WordPress: Tell Search Engines Not to Index Archives

Google Search Inculuding Archives

If you run a WordPress [1], and you to search Google‘s index using the site parameter – namely, site:%yourdomain% – you’ll probably find that Google has also indexed all of the archives, categories, and tags of your site. For many, the first impulse is to delete this from Google somehow or maybe use robots.txt, or some other method. But, I’ve found the solution is easier, and I’ll show you how to do it (without a plugin).
As always, there are many ways to do this.  You’ll see many suggest using a plugin (such as the popular WordPress SEO by Yoast). But, my approach is that everything you do in WordPress should be done in code if you can. The key is to only use plugins for very unique purposes, or as a last resort until you can figure out how to do it otherwise. Some also suggest the aforementioned robots.txt, but I consider that messy.

The problem of seeing the mass of tagged and archived posts inside of Google’s search doesn’t necessarily seem huge, until you realize that many of these links inside of Google on create duplicates (that may count against your site). I’m not sure the weight Google will ascribe to these duplicates, but they probably don’t help. And, let’s face it, it’s an esthetic issue.

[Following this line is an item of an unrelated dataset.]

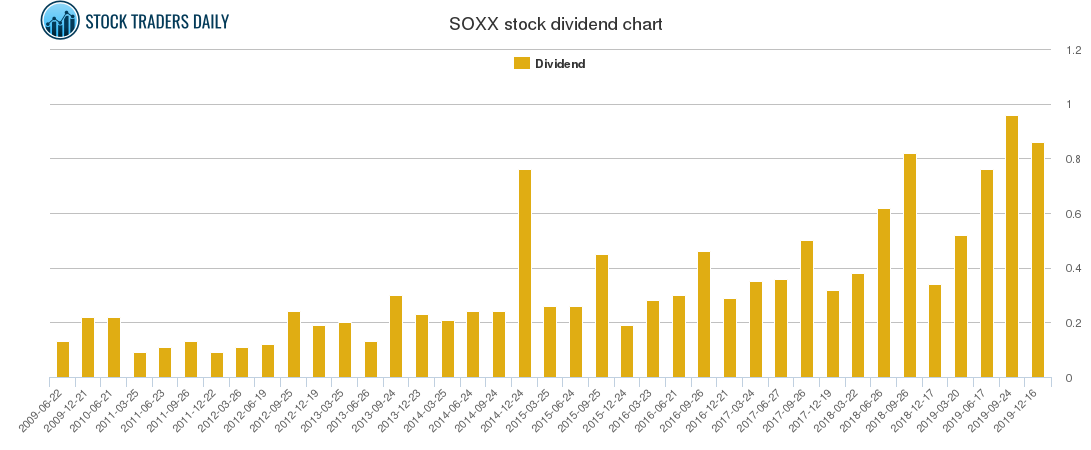 SOXX Dividend Chart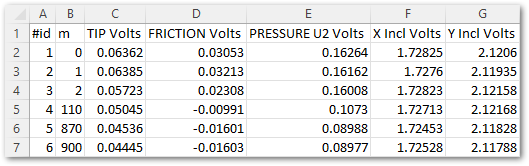 EDP_Link_Hogentogler_DIS_Data2_Excel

What I’ve done is added a line to a file in my theme that tells Google to avoid specific pages. But before I describe this: I want to warn you that changes to low-level files can render your site inoperable. Please use caution with this code. If you are using a theme you didn’t design from scratch, use a child theme to make these changes.

Copy the following lines of code and place them in your theme’s header.php:

<?php if(is_archive()){ ?>
<!--Tell Search Engines not to index archives -->
<meta name="robots" content="noindex, follow">
<?php } ?>

The header.php file is standard in your theme (or child theme) directory under /wp-content/themes/%themename%. You’ll need to place the code above the closing </head> tag.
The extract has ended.